(Activity): Lower down are entries containing pictures. Copy exactly, without those pictures, the lines from the line with "With only a" through the line with "This updated four".

(Material provided):
══════════════════════════════

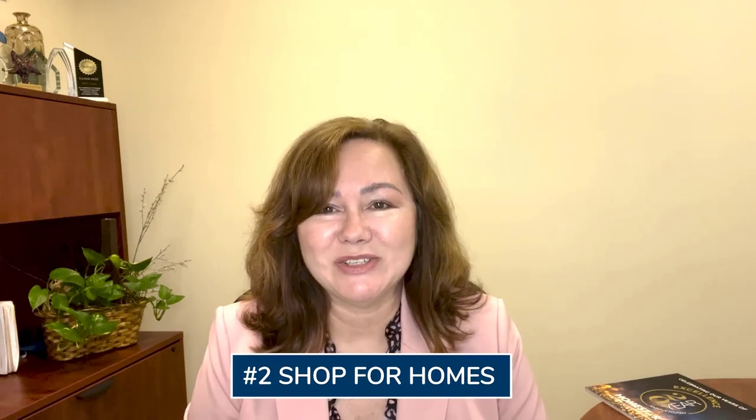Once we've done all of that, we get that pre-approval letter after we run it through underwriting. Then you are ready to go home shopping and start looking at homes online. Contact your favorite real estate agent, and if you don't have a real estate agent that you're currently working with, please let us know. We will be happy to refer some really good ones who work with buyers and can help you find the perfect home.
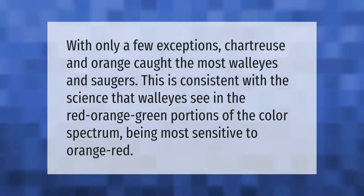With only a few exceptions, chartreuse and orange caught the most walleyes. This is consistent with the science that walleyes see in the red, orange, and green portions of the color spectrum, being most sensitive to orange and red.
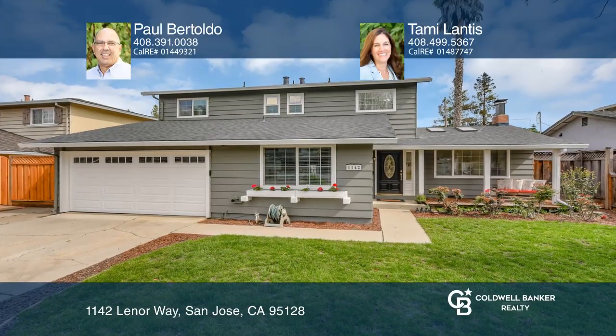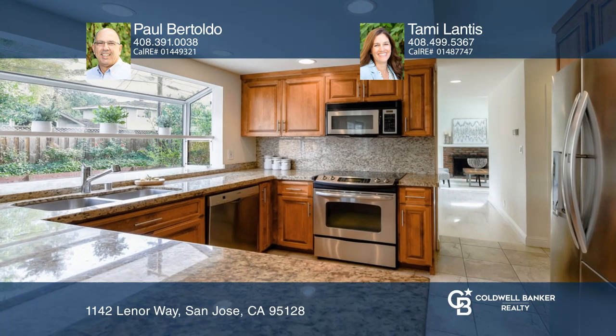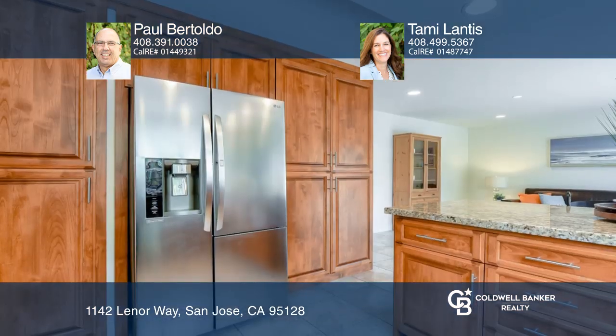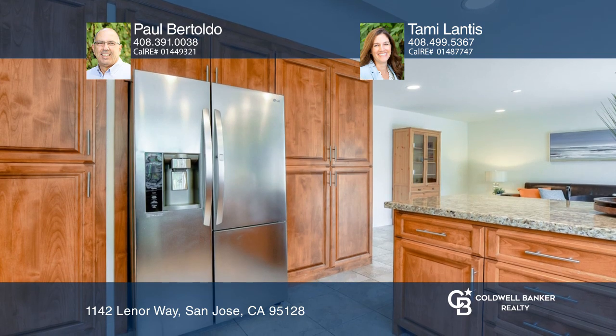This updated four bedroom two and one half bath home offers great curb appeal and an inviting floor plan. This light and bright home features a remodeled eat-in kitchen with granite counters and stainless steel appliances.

══════════════════════════════

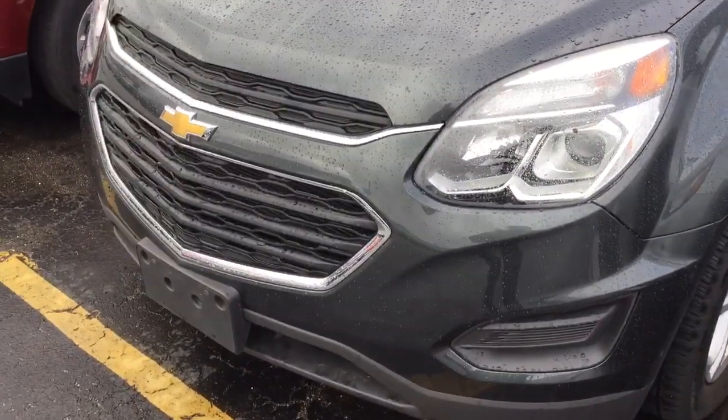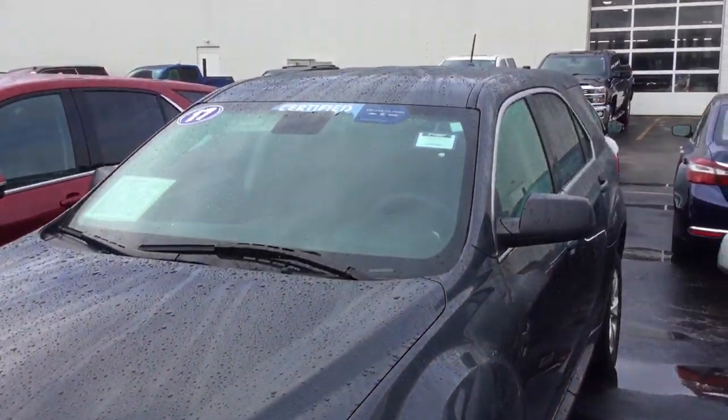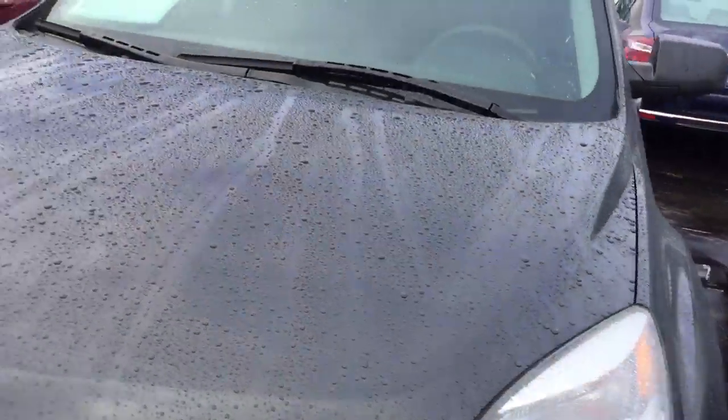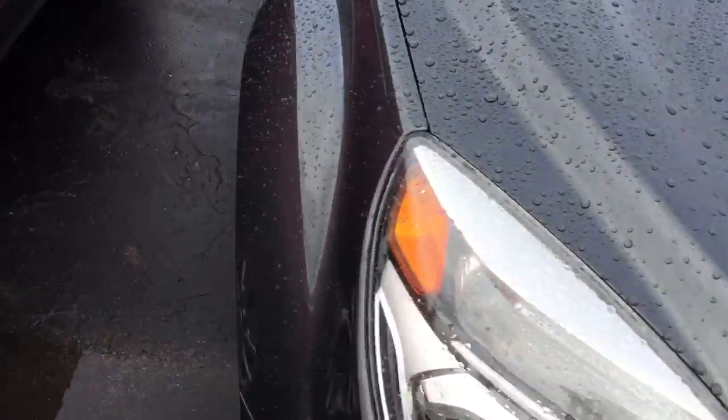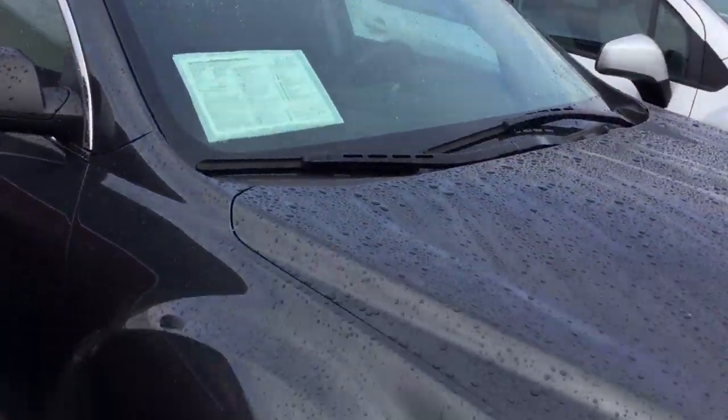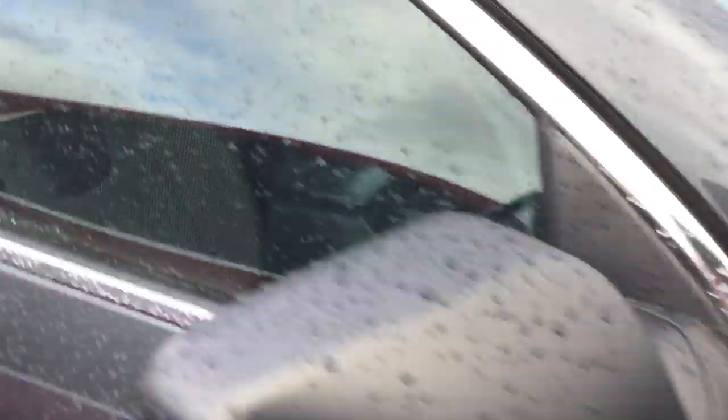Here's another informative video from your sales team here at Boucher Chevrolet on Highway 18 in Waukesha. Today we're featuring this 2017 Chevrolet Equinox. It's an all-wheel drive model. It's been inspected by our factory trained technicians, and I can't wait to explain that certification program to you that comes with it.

══════════════════════════════

(Exercise response):
With only a few exceptions, chartreuse and orange caught the most walleyes. This is consistent with the science that walleyes see in the red, orange, and green portions of the color spectrum, being most sensitive to orange and red.
This updated four bedroom two and one half bath home offers great curb appeal and an inviting floor plan. This light and bright home features a remodeled eat-in kitchen with granite counters and stainless steel appliances.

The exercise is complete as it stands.